• WORKING DATA:
··········
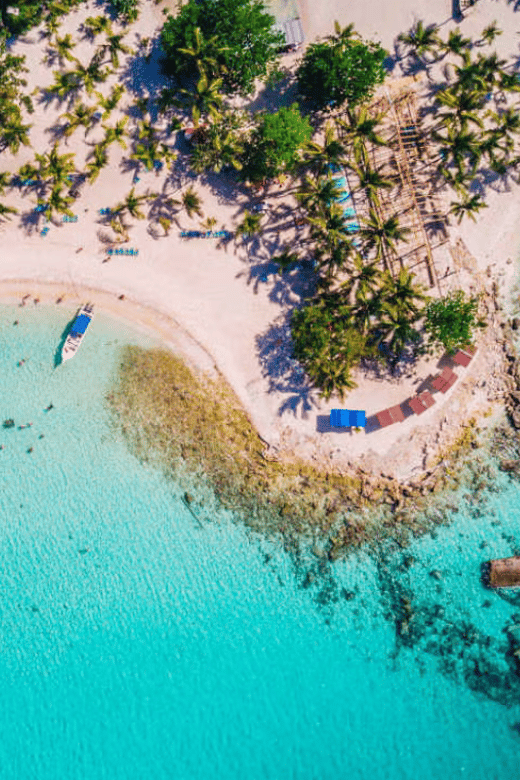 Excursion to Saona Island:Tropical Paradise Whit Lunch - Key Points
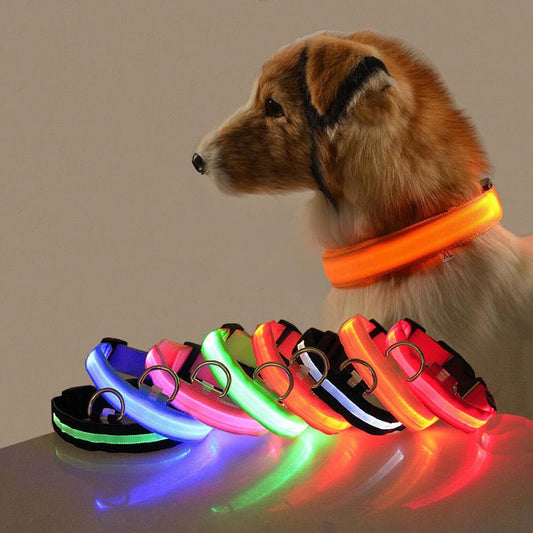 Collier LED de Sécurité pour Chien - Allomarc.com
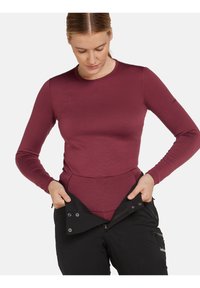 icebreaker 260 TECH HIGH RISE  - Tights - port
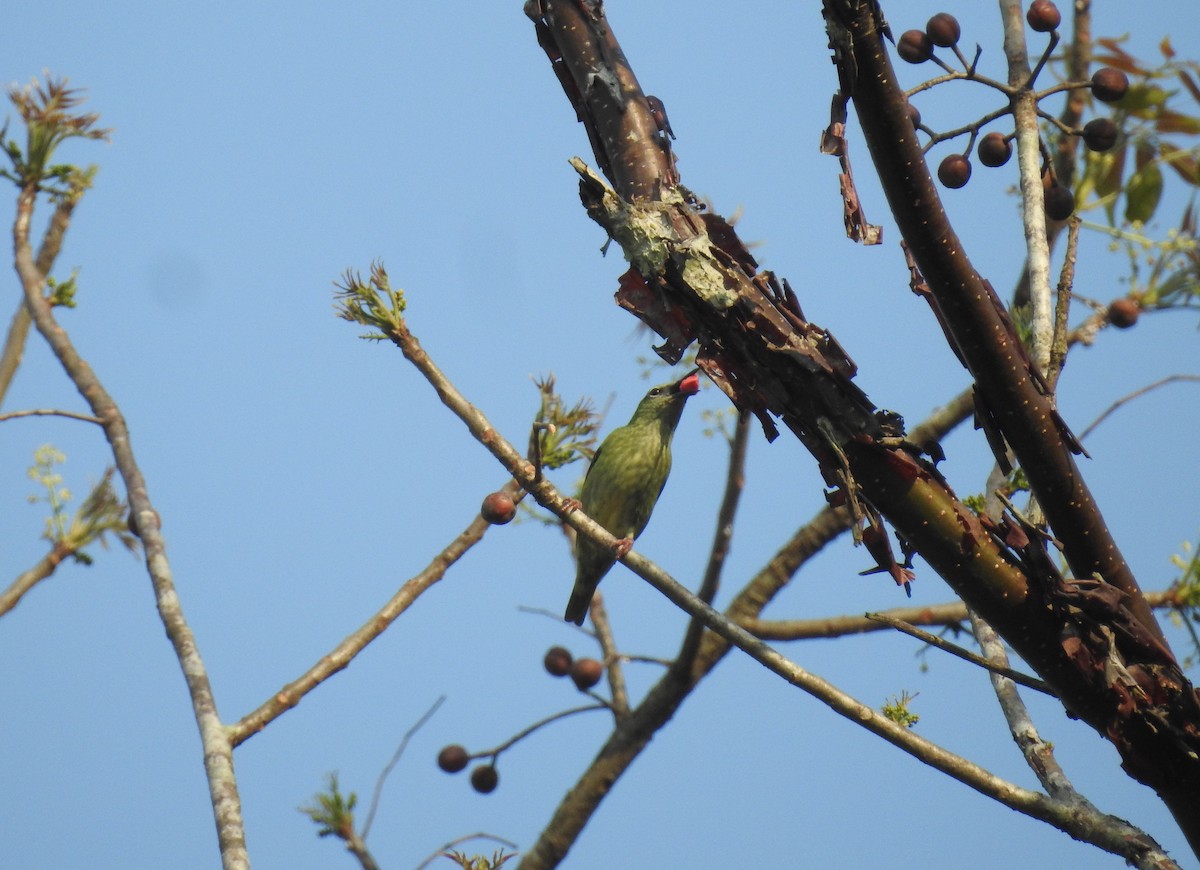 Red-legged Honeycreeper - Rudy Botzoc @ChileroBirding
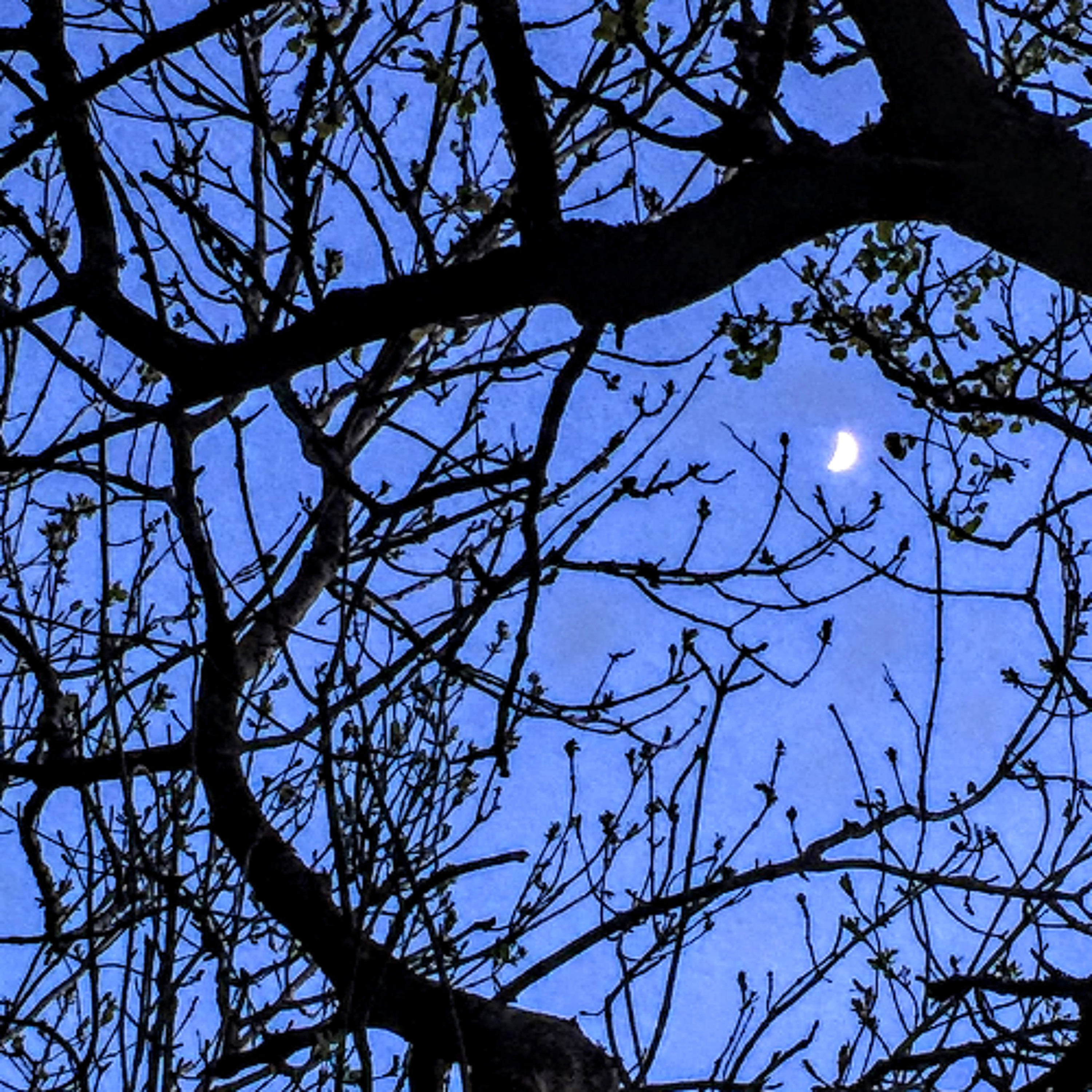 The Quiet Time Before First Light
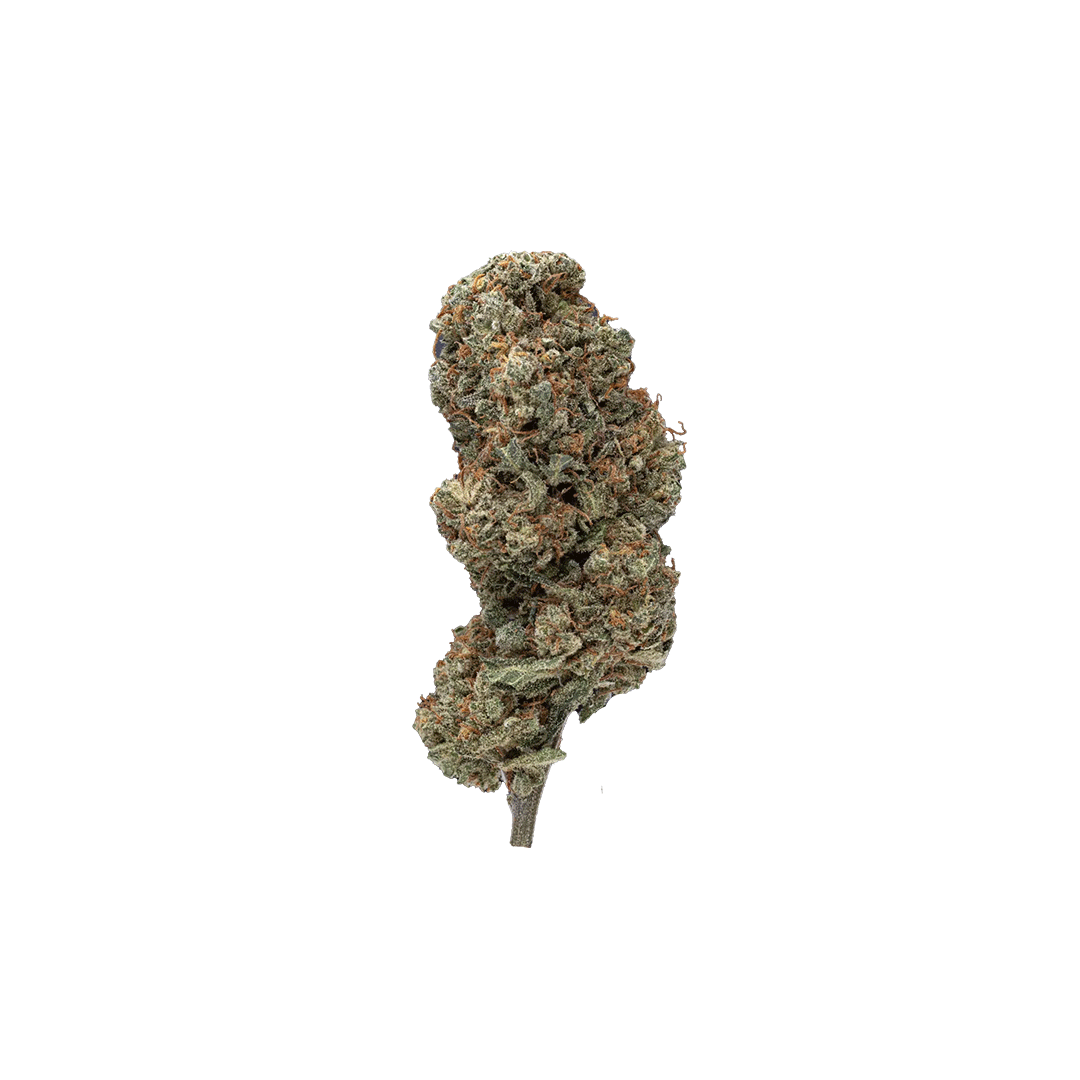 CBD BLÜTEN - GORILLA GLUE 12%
··········
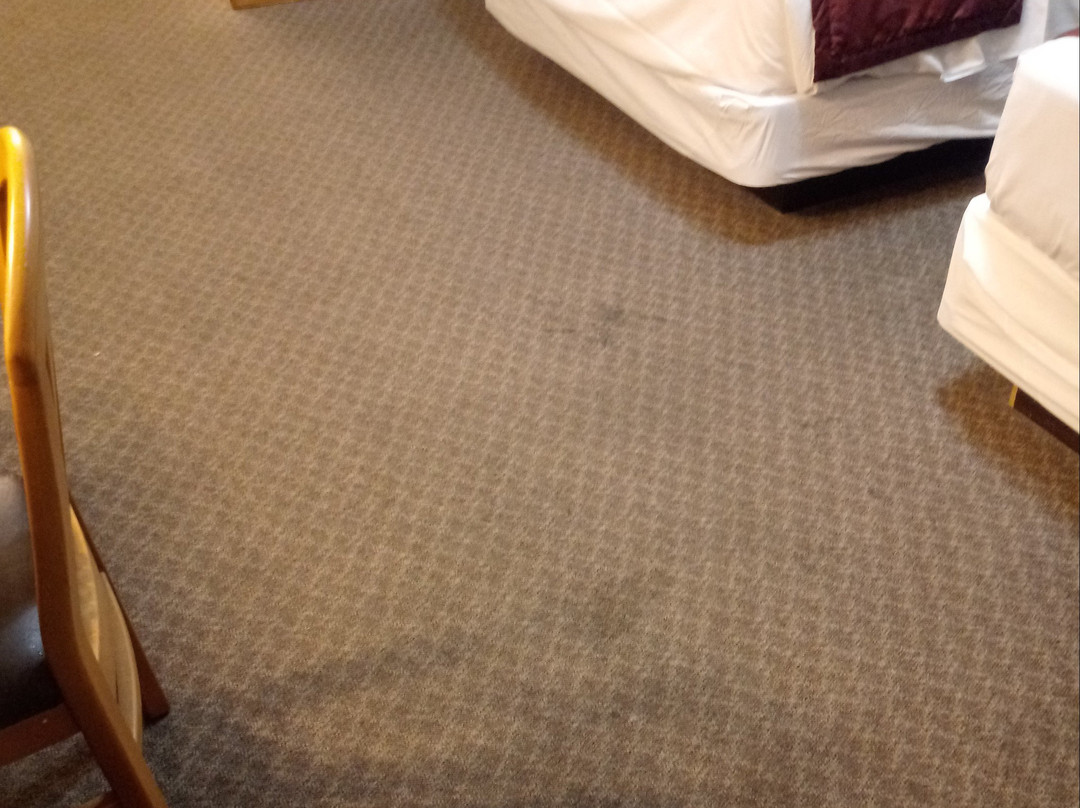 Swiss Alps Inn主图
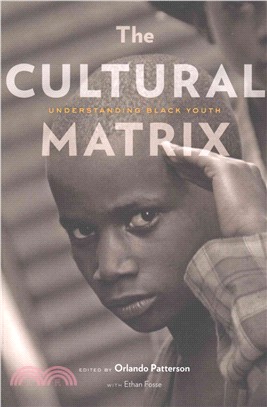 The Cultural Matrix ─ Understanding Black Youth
··········
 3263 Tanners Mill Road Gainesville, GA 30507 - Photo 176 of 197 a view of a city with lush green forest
··········
• WHAT TO DO: Nothing but the lines from the one with "The Quiet Time Before First Light" up to and including the one with "CBD BLÜTEN - GORILLA GLUE 12%" should be printed, exactly as they read above. Please keep the pictures out.

• ANSWER BOX:
 The Quiet Time Before First Light
 CBD BLÜTEN - GORILLA GLUE 12%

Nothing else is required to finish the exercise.